* _TRY IT_:
Reproduce, exactly and in full, the lines from the one with "Honor- Plain Curved Wedding Band" through the one with "कोरोना की भेंट" in the data below; drop pictures.

* _SUPPLIED RECORDS_:

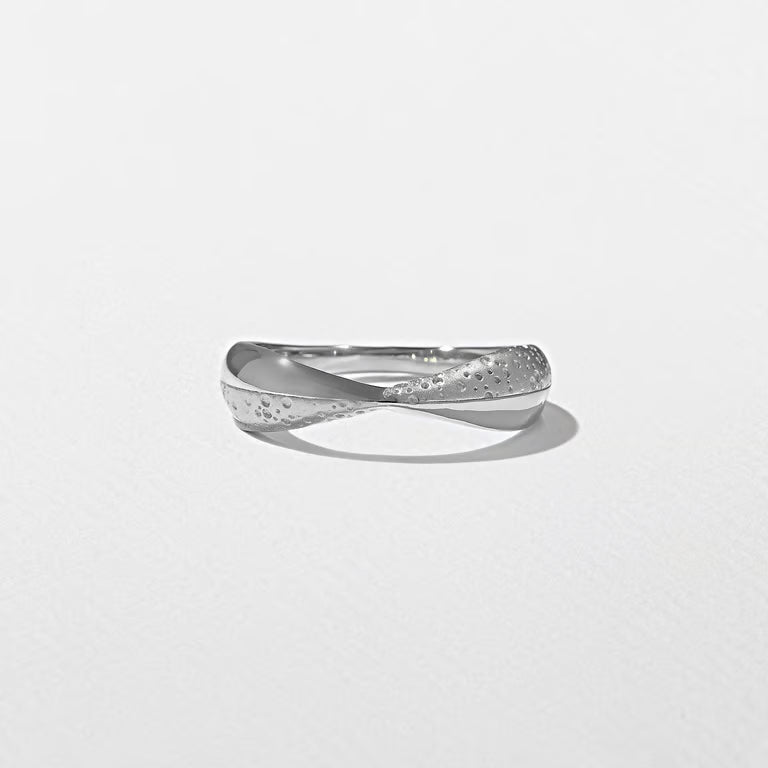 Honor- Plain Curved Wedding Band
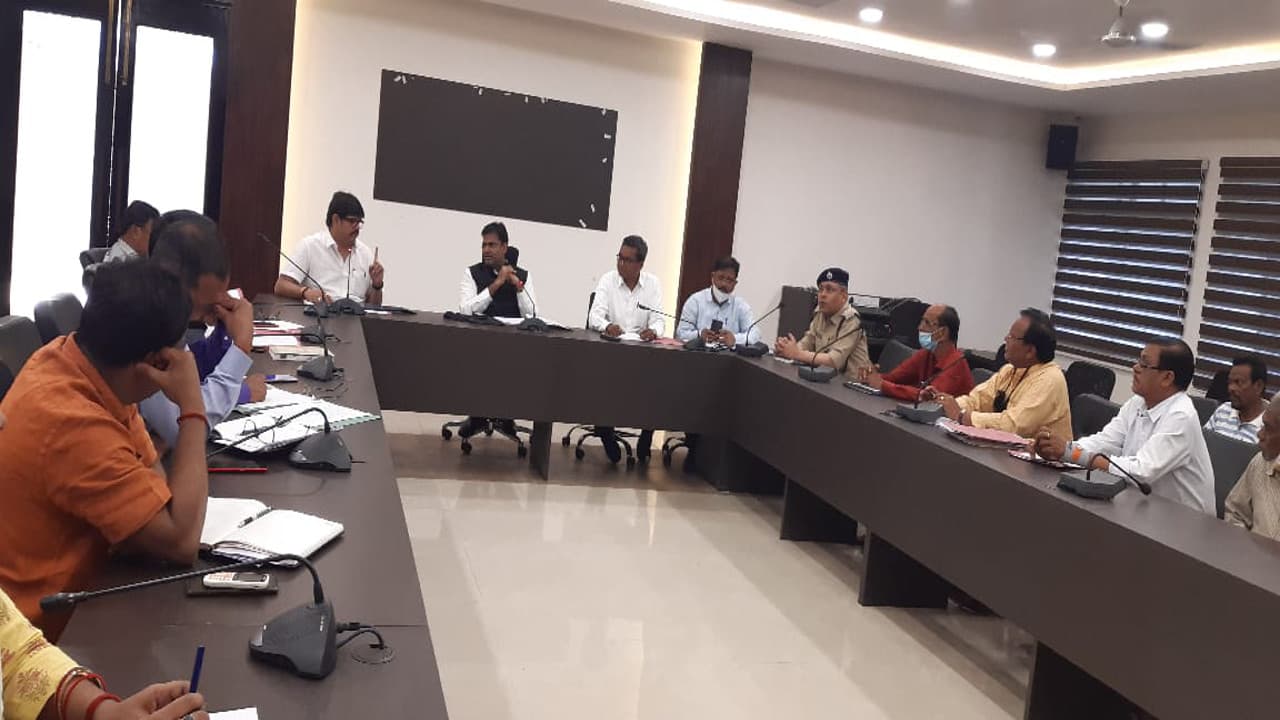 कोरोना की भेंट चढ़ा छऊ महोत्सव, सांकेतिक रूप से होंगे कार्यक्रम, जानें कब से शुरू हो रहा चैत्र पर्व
---
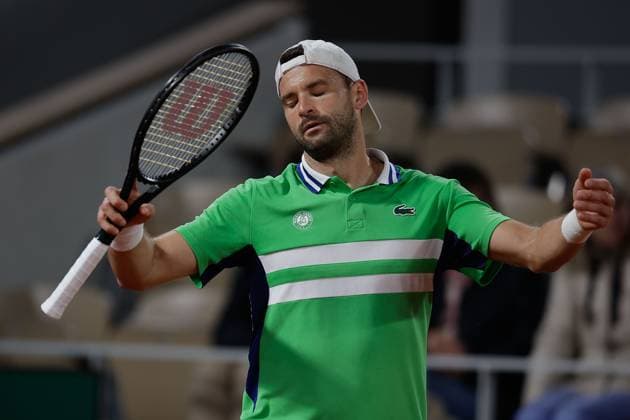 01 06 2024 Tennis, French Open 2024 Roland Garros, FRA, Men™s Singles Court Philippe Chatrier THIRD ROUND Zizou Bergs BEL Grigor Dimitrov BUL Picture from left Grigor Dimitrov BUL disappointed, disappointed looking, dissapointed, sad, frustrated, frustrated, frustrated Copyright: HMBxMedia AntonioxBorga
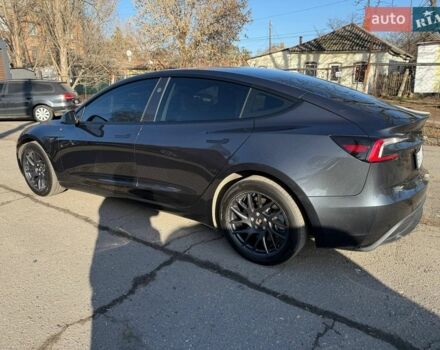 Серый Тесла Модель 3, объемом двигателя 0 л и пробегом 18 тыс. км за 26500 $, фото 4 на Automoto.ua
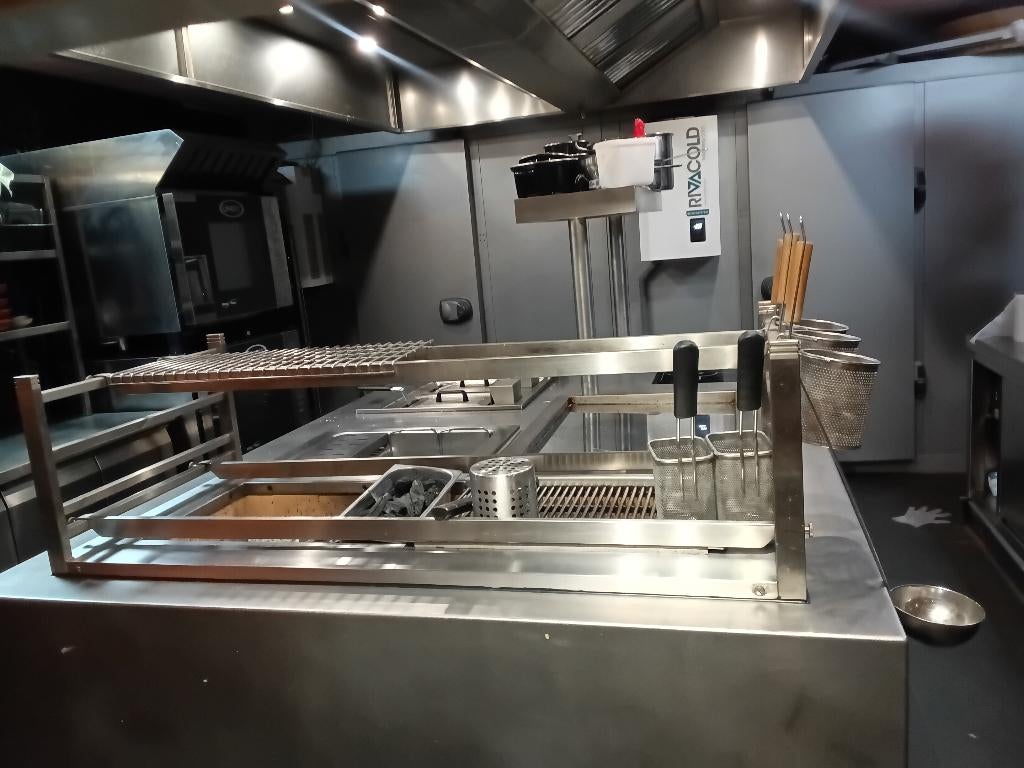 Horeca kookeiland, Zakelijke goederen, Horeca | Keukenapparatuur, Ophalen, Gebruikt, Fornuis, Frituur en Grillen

* _SOLUTION_:
 Honor- Plain Curved Wedding Band
 कोरोना की भेंट चढ़ा छऊ महोत्सव, सांकेतिक रूप से होंगे कार्यक्रम, जानें कब से शुरू हो रहा चैत्र पर्व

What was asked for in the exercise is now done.